La Chiesa è chiamata a una parola profetica. Profezia significa dire una verità che illumina la natura dell’uomo, anche quando è controcorrente. Afferma che
l’uomo è fatto per un amore esclusivo, unico, che corrisponde alla sua dignità e al suo essere creato a immagine di Dio.
Questa parola profetica si oppone quindi alle “mode” culturali?
È una posizione audace, perché si oppone alle mode quando non servono il bene della persona. La monogamia diventa manifestazione visibile dell’amore di Cristo per la Chiesa. È un annuncio che richiede coraggio e che indica un cammino di pienezza.
Parliamo di libertà. Perché oggi il matrimonio appare, a volte, come una limitazione?

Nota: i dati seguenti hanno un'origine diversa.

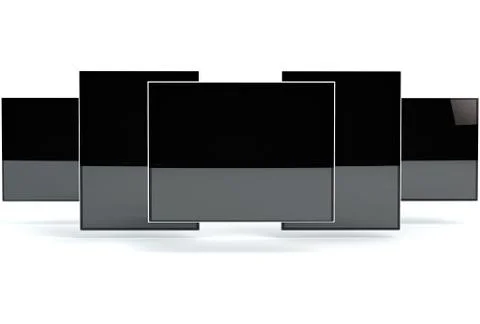 Responsive Web Mock-up /  Responsive App Mockup イラスト素材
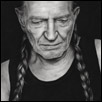 Willie Nelson Portrait Drawing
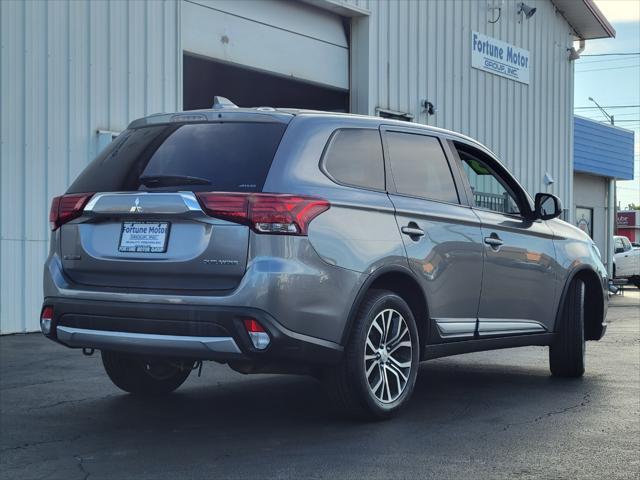 used 2018 Mitsubishi Outlander car, priced at $10,999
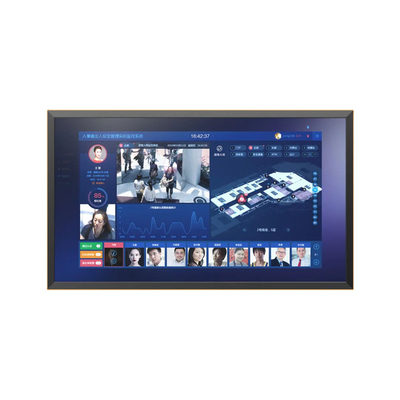 超窄边监视器套料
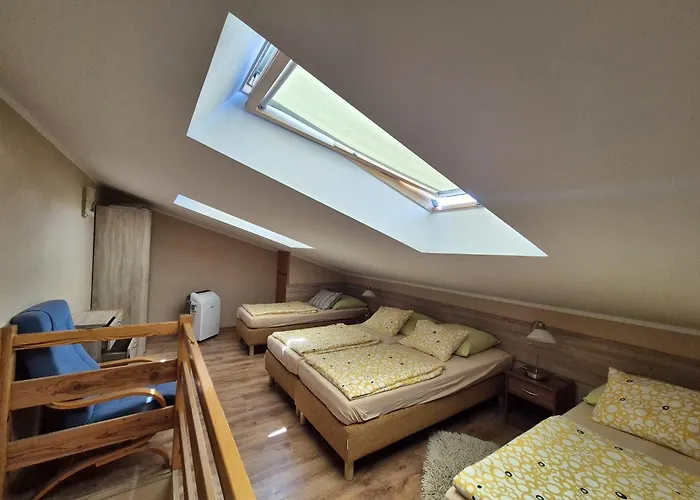 Dobrawa - 400m Do Morza Międzyzdroje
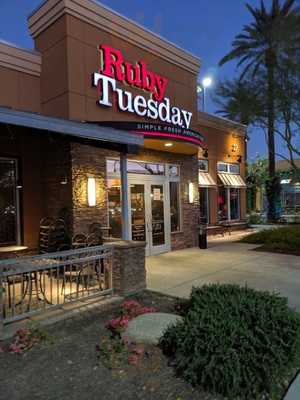 Ruby Tuesday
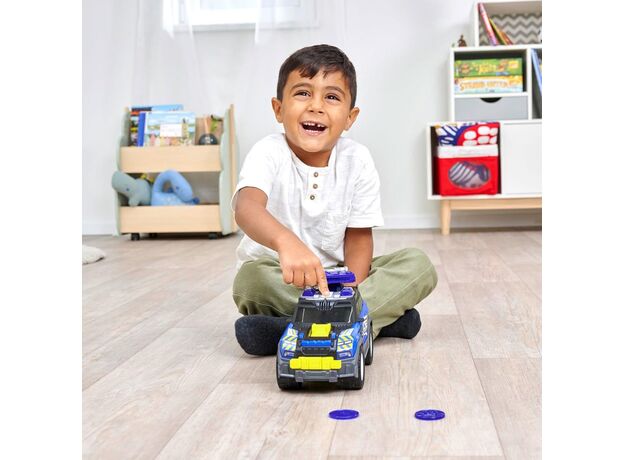 ماشین SUV پلیس 30 سانتی Dickie Toys, image 3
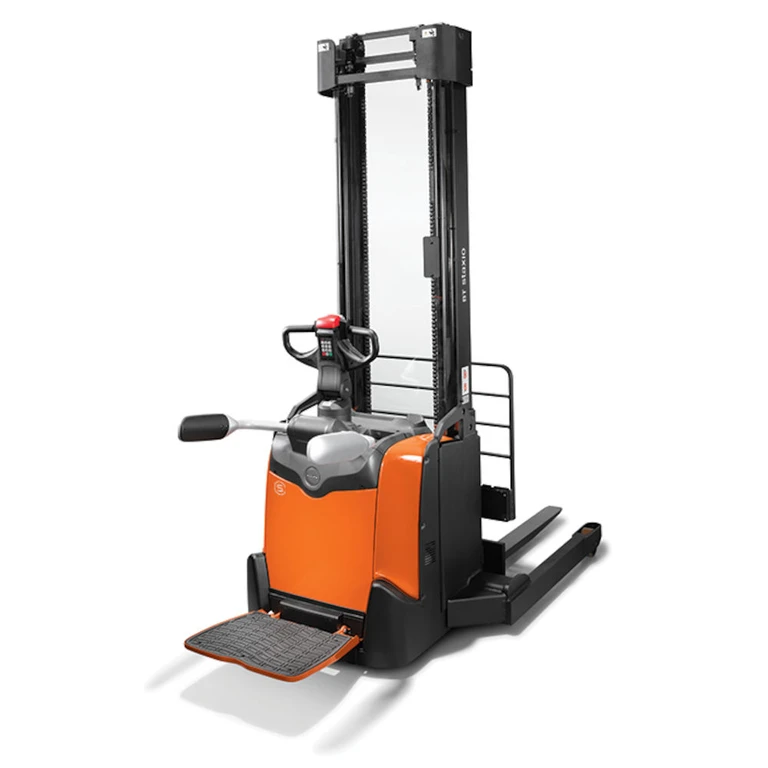 BT Staxio 1.4t Platformlu straddle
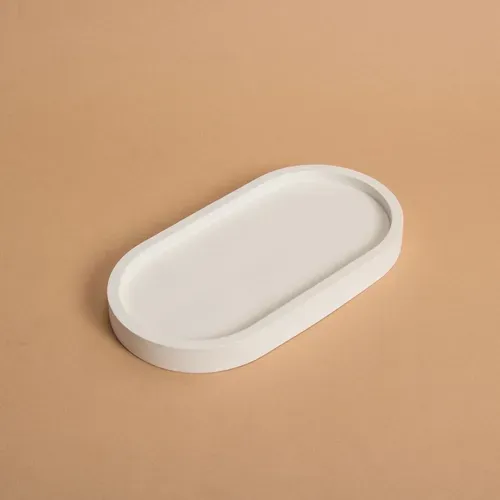 Set of Mini-Pot, Tray & Vase | 3 Items - Image 5
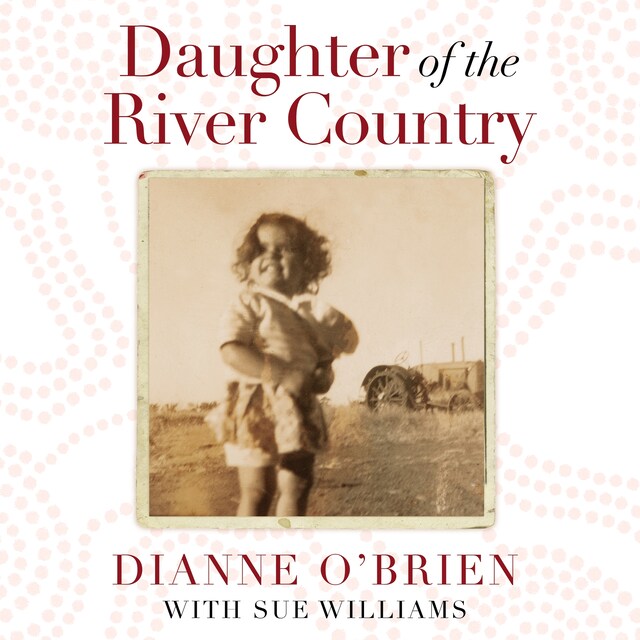 Book cover for Daughter of the River Country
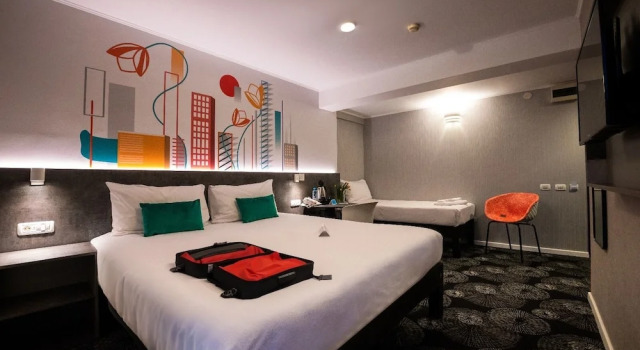 Номер Superior ibis Styles Pitesti Arges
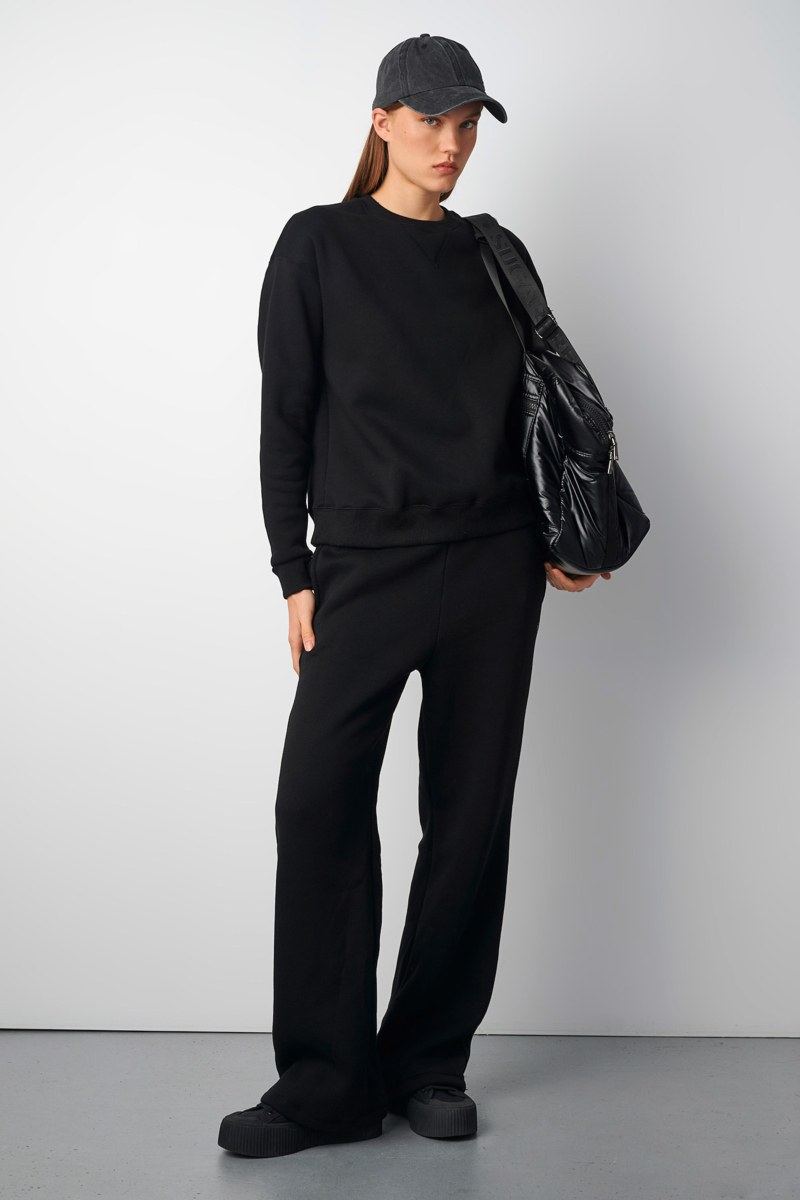 FLARED ΒΑΜΒΑΚΕΡΟ ΠΑΝΤΕΛΟΝΙ ME ΦΛΙΣ ΕΠΕΝΔΥΣΗ-24831120-110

Perché spesso si resta sul livello più basso della libertà, quella che sant’Agostino definisce libertà minore: scegliere tra alternative.
La libertà è invece un cammino. Cresce quando la persona dilata i suoi orizzonti, si decentra, mette al centro l’altro e ama.
Così diventa libertà maggiore: libertà amante. Il modello è Cristo che “avendo amato i suoi, li amò sino alla fine”.
La Nota richiama anche l’importanza della parola poetica. In che senso?
La poesia aiuta a sognare, a prefigurare cammini più grandi, a non fermarsi all’immediatezza. Profezia e poesia, insieme, aprono uno spazio più ampio alla relazione. Annunciare il matrimonio oggi è impegnativo, certo, ma necessario: l’uomo è fatto per amare così. La donazione reciproca fa fiorire l’umanità.